QGDF: Quantifying Global Distribution Function (Machine Gnostics)¶
The QGDF
class provides robust, assumption-free global quantification of data distributions using the Machine Gnostics framework. QGDF is designed for inlier-resistant, sample-wide analysis, making it ideal for heterogeneous, clustered, or uncertain datasets where dense regions may dominate.
Overview¶
QGDF is optimized for global quantification and density estimation, especially when data may contain dense clusters, inliers, or unknown distributions.
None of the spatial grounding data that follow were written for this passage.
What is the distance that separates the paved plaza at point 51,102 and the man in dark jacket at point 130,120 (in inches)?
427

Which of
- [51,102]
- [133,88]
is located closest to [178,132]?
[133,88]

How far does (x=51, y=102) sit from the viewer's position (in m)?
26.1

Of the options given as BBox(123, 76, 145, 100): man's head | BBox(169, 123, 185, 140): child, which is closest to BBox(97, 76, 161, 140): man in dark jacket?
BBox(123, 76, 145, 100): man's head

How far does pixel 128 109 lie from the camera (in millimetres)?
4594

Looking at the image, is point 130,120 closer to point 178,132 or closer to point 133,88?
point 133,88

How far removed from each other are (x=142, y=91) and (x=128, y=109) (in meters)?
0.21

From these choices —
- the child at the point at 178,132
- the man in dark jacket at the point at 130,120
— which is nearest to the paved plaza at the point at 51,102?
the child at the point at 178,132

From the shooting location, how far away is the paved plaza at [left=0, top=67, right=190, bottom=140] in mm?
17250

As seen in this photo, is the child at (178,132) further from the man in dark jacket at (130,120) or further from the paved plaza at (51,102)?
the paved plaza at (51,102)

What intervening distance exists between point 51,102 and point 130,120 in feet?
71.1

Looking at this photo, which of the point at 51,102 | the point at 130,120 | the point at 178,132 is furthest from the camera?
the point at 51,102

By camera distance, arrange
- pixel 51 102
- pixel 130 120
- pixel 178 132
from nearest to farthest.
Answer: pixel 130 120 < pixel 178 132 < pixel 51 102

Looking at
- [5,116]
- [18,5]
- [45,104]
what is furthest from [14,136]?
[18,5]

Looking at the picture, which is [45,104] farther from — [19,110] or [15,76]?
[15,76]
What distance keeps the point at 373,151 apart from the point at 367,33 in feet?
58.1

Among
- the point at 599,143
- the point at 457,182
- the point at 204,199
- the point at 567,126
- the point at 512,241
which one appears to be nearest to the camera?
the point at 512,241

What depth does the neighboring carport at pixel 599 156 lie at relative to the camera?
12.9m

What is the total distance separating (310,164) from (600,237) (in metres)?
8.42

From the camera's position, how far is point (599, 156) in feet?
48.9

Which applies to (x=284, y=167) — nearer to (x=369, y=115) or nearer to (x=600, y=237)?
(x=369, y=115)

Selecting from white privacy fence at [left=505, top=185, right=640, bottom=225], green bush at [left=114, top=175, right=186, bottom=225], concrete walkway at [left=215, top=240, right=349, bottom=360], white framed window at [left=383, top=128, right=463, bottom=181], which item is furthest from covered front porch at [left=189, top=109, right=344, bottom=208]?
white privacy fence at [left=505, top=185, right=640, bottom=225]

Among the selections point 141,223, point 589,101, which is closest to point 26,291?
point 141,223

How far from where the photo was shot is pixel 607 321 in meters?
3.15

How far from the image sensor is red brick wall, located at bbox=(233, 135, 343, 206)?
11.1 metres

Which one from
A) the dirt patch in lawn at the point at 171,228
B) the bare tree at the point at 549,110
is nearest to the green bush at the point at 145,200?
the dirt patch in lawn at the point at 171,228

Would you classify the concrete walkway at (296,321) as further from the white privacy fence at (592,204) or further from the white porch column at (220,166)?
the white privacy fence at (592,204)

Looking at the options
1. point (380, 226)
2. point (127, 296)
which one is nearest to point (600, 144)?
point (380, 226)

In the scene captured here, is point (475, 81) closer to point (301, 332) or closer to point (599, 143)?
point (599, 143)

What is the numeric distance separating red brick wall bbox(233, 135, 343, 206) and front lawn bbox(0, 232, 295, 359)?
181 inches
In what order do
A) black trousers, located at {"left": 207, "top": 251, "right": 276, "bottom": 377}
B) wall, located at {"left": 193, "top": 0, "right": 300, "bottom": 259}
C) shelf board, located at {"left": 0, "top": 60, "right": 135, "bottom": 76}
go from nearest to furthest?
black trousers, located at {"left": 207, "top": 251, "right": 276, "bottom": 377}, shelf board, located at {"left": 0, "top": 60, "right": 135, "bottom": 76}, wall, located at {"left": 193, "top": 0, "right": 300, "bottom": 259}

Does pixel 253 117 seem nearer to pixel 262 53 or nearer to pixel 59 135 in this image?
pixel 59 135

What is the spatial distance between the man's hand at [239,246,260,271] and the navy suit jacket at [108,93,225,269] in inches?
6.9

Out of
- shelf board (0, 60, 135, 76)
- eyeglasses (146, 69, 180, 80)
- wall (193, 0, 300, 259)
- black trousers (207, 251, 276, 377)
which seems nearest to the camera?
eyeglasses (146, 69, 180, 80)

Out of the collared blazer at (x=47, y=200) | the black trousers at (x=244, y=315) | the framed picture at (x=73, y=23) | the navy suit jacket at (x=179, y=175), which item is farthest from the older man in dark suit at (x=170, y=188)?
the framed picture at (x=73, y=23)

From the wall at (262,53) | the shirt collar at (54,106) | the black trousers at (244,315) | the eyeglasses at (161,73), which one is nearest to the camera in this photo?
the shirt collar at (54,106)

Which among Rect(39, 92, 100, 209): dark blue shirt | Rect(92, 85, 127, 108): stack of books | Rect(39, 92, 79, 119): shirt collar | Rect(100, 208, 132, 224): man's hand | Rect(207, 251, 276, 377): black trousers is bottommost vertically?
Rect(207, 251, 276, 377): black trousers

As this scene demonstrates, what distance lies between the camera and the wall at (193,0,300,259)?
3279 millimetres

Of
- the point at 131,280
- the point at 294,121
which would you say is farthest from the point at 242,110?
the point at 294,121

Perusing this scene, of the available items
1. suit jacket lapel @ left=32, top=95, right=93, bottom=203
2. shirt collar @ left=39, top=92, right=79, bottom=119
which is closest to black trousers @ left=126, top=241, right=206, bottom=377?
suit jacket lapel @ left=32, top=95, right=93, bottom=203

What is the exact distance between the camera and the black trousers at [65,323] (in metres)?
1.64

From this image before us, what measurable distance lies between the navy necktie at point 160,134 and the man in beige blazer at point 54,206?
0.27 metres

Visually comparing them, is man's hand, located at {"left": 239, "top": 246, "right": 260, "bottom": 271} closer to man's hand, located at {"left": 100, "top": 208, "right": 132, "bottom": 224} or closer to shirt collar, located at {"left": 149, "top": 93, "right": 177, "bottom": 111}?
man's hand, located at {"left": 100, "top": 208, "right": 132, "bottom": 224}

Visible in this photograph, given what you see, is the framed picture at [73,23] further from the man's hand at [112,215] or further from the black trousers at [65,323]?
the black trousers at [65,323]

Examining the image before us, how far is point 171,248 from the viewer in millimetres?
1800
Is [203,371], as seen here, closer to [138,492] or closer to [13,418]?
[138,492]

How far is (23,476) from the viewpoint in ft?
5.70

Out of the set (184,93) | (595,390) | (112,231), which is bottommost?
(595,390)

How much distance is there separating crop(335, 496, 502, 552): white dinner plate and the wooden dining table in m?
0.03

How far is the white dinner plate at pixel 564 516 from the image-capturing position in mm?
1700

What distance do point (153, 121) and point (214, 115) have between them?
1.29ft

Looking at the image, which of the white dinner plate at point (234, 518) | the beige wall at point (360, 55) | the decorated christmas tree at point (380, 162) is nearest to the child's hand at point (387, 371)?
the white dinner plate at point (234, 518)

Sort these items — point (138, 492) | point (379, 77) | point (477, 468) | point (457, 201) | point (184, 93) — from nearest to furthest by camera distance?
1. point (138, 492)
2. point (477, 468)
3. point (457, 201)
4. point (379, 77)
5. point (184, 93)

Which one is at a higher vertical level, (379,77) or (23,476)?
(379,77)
It leverages gnostic algebra and error geometry to deliver resilient, interpretable results without requiring prior statistical assumptions.
- Assumption-Free: No parametric forms or distributional assumptions.
- Inlier-Resistant: Robust to dense clusters and inliers.
- Flexible: Supports additive and multiplicative data forms.
- Weighted Data: Incorporates sample weights for advanced analysis.
- Automatic Parameter Estimation: Scale and bounds inferred from data.
- Memory-Efficient: Optimized for large datasets.
- Visualization: Built-in plotting for QGDF and PDF.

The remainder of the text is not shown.